Beyond the scandal, local church leaders have long bemoaned that Vatican courts take years to process requests for annulments and that Vatican offices are simply unresponsive to requests from them and lay faithful. Francis himself is a critic, frequently telling Vatican officials to be more pastors than bureaucrats. Just this weekend he told the Vatican police force that it was their job to stop the "devil" from creating internal wars through Vatican employees spreading gossip.
"It's a war that you don't fight with weapons, but with your tongue," he said.
How the pope's chosen cardinal cabinet will interact, if at all, with the existing Vatican cabinet is a topic for much speculation among Vatican watchers.
The Curia is organized according to a 1988 document "Pastor Bonus," which metes out the work and jurisdictions of the congregations, councils, courts and other offices that make up the governance of the church.

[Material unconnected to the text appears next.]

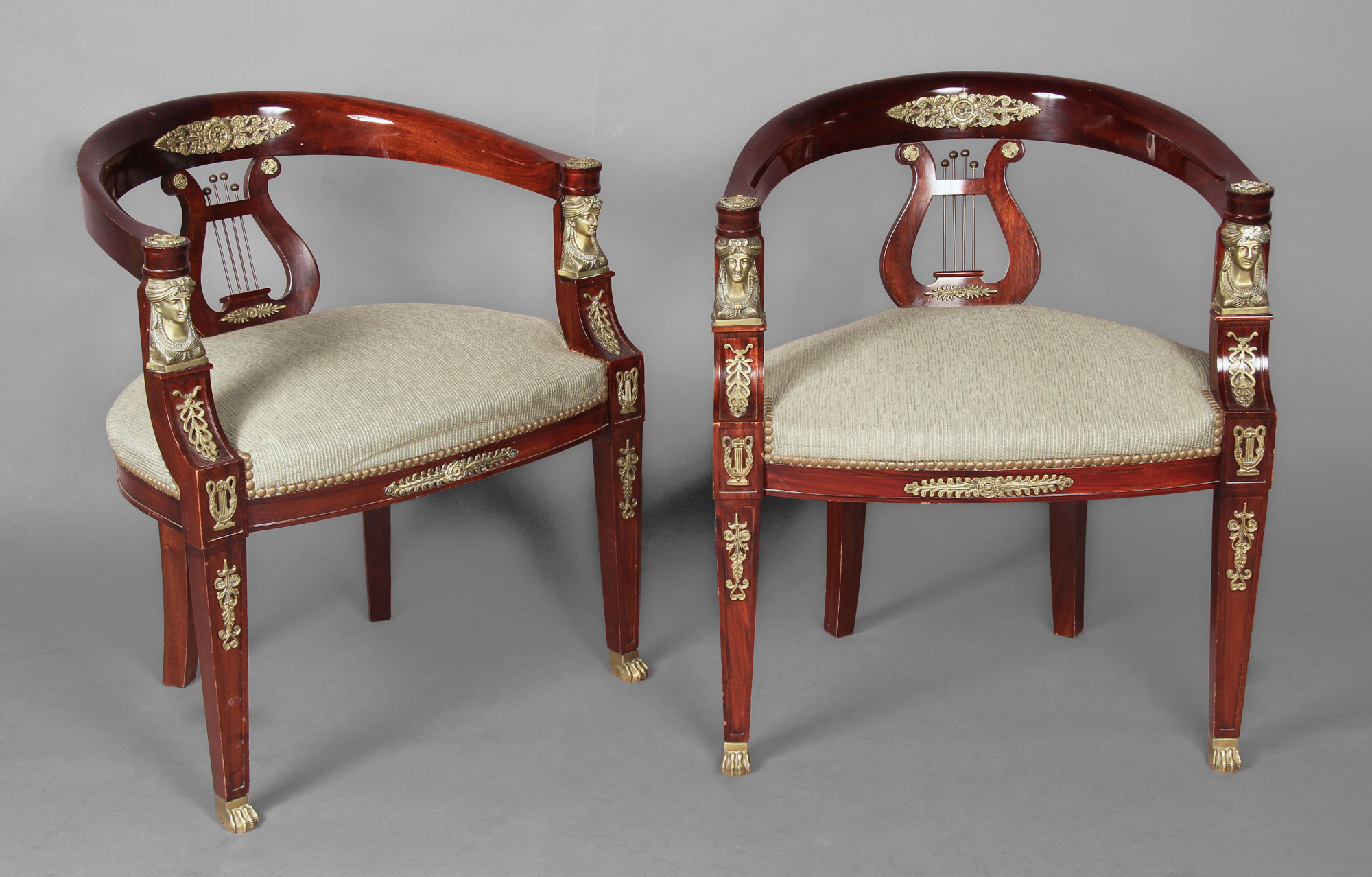  PAR DE SILLONES DE ESTILO FRANCES IMPERIO.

Honduran Cardinal Oscar Andres Rodriguez Maradiaga, who heads the pope's advisory commission, said the planned reform won't just make a few changes to the document.

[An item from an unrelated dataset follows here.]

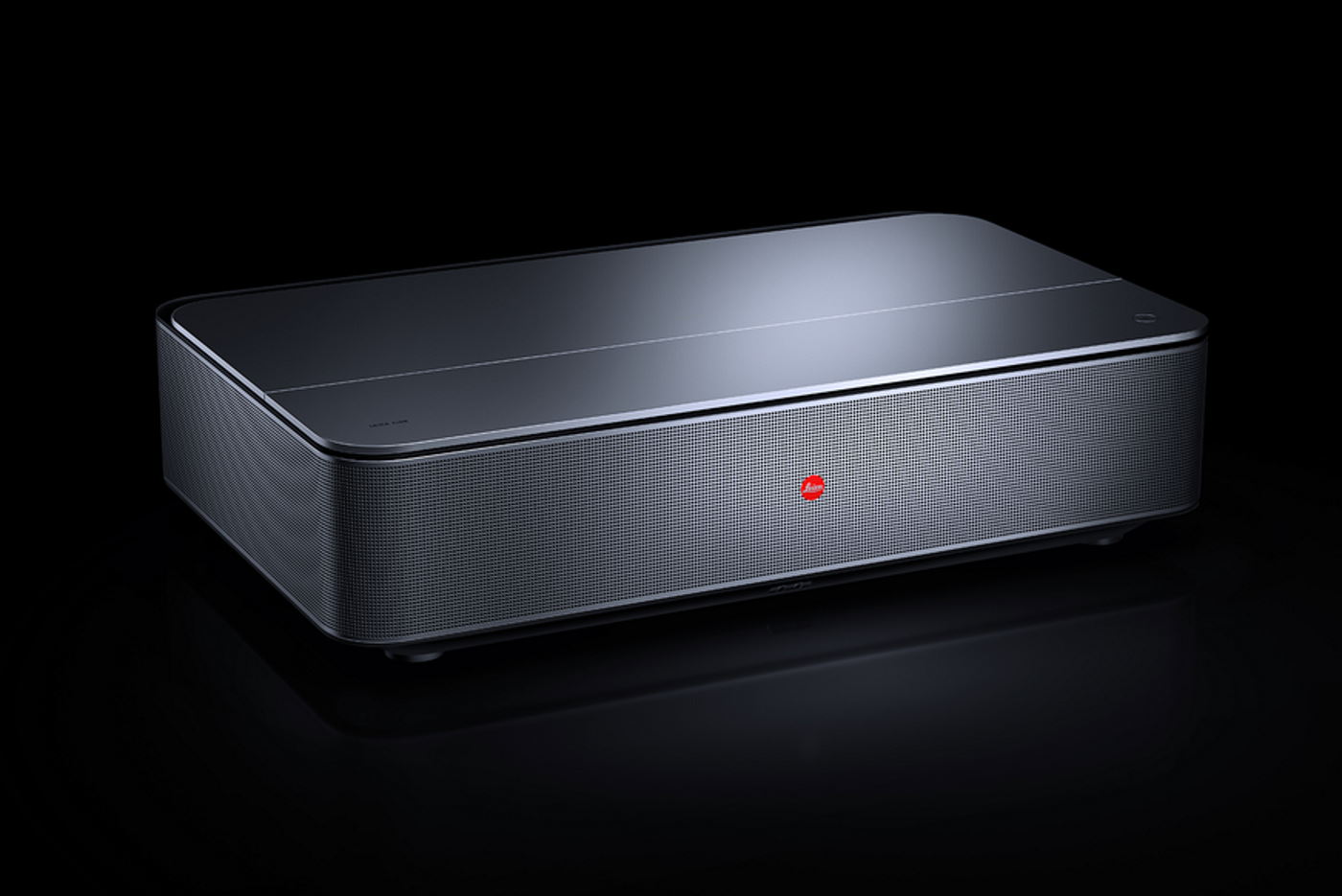 Leica Cine 1 je 4K projektor, ktorý vysiela obraz na plátno z 15 centimetrov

"No, that constitution is over," he told the Catholic channel Salt and Light Television. "Now it's something different. We need to write something different. But it's not going to take one month or two months."

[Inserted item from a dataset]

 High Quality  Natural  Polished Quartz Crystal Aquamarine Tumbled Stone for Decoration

Indeed, no decisions are expected this week from the talks, and the pope has said reform takes time.
That hasn't stopped reform groups from pinning their hopes for a more progressive church on Francis and his council of cardinals, who hail from North and South America, Africa, Asia, Europe and Australia.
The worldwide church reform group We Are Church has written Francis asking for greater say among lay Catholics about the selection of bishops and for church officials to be removed from office if they mishandled cases of sexually abusive priests.
"Our fondest hope is that Pope Francis will accept a delegation of our leaders at the Vatican," organizer Rene Reid said in a statement. "He has been reaching out to atheists, gays and others. He wants dialogue. We want that too."
Conservatives and traditionalists, however, have reacted with dismay and downright alarm at the direction Francis has taken, particularly in the interview with the Jesuit-run La Civilta Cattolica, in which he bemoaned the church's obsession with "small-minded rules."
American canon lawyer Edward Peters suggested that Francis wasn't referring to abortion in rejecting such rules, but rather more superfluous ones like the one dictating who can march under the flag of certain religious societies on feast days.
Conservative commentator George Neumayr went further, writing in The American Spectator that Francis was in sore need of "correcting." Francis' "culturally conditioned liberalism threatens to undermine the unity and orthodoxy of the faith," he wrote.